The Dolphin Paladin class skills (and the Key ability for each skill) are Concentration (Con), Craft (Int), Diplomacy (Cha), Handle Animal (Cha), Knowledge (religion), Perform (Cha), Profession (Wis), Ride (Dex), Sense Motive (Wis), Survival (Wis), Swim (Str)

Skill points at Each Level: 2 + Int Modifier.

Class Features

All of the following are class features of the Dolphin Paladin prestige class.
*Weapon & Armour Proficiency:* A Dolphin Paladin is proficient with all simple and martial weapons, as well as all types of armour, and with shields.

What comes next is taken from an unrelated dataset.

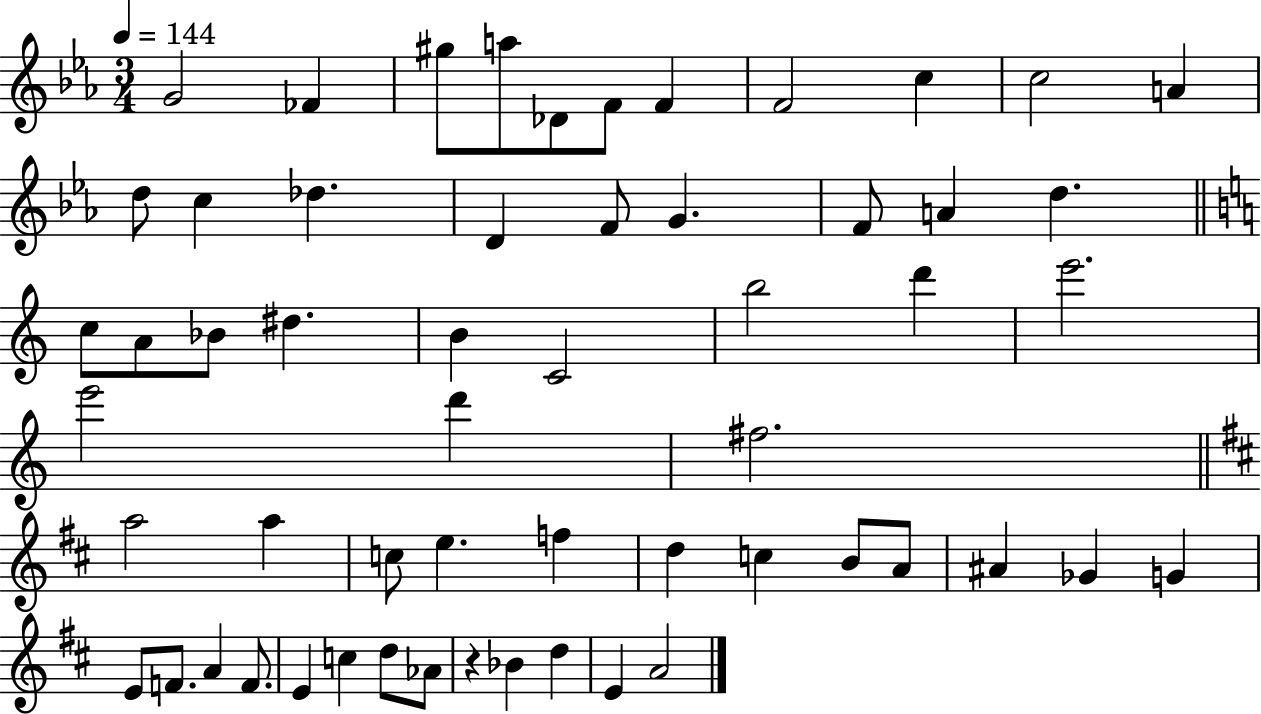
G4/h FES4/q G#5/e A5/e Db4/e F4/e F4/q F4/h C5/q C5/h A4/q D5/e C5/q Db5/q. D4/q F4/e G4/q. F4/e A4/q D5/q. C5/e A4/e Bb4/e D#5/q. B4/q C4/h B5/h D6/q E6/h. E6/h D6/q F#5/h. A5/h A5/q C5/e E5/q. F5/q D5/q C5/q B4/e A4/e A#4/q Gb4/q G4/q E4/e F4/e. A4/q F4/e. E4/q C5/q D5/e Ab4/e R/q Bb4/q D5/q E4/q A4/h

*Spells per Day:* Beginning at 1st level the Dolphin Paladin gains the ability to cast a small number of divine spells. The Dolphin Paladin’s ability to cast these spells works exactly like a Cleric’s ability to cast spells. The Dolphin Paladin must choose and prepare spells as a Cleric choosing from the normal Paladin Spell List.

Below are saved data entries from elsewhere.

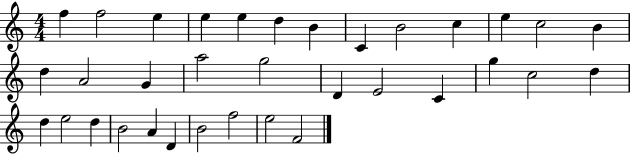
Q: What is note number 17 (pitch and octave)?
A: A5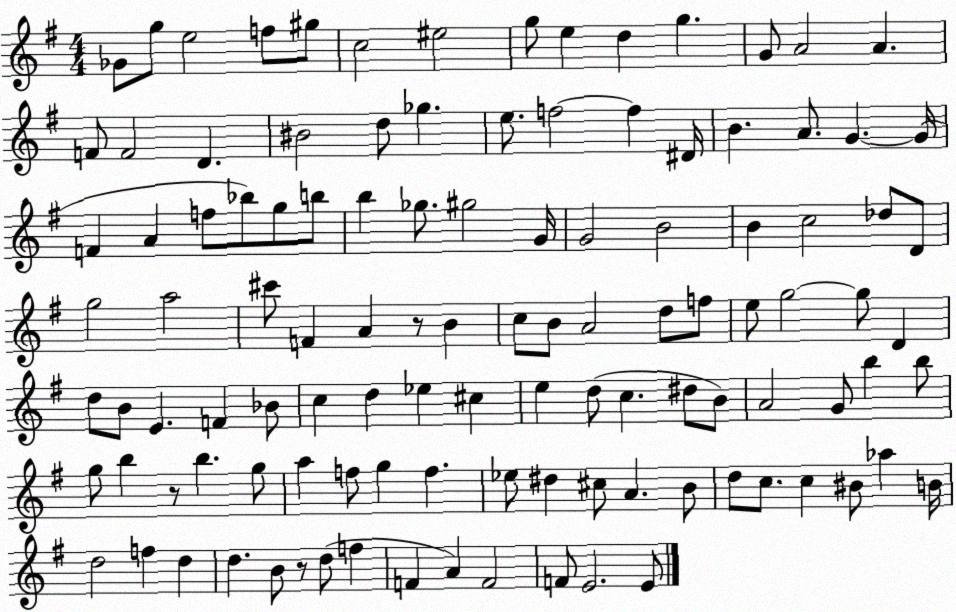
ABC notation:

X:1
T:Untitled
M:4/4
L:1/4
K:G
_G/2 g/2 e2 f/2 ^g/2 c2 ^e2 g/2 e d g G/2 A2 A F/2 F2 D ^B2 d/2 _g e/2 f2 f ^D/4 B A/2 G G/4 F A f/2 _b/2 g/2 b/2 b _g/2 ^g2 G/4 G2 B2 B c2 _d/2 D/2 g2 a2 ^c'/2 F A z/2 B c/2 B/2 A2 d/2 f/2 e/2 g2 g/2 D d/2 B/2 E F _B/2 c d _e ^c e d/2 c ^d/2 B/2 A2 G/2 b b/2 g/2 b z/2 b g/2 a f/2 g f _e/2 ^d ^c/2 A B/2 d/2 c/2 c ^B/2 _a B/4 d2 f d d B/2 z/2 d/2 f F A F2 F/2 E2 E/2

*Dolphin Mount (Su): * At 1st level a Dolphin Paladin gains the ability to summon a special dolphin mount, similar to the 5th level Paladin ability. This Dolphin is a Large, 5 HD Porpoise which is treated as below.
*Smite Evil (Su): * Once per day the Dolphin Paladin may attempt to smite evil with one normal melee attack. He adds his Charisma bonus (if any) to his attack roll and deals an additional point of damage per Dolphin Paladin level. If the Dolphin Paladin accidentally smites a creature that is not evil, the smite has no effect, but the ability is used up for that day. At 4th level, the Dolphin Paladin may smite evil one additional time per day.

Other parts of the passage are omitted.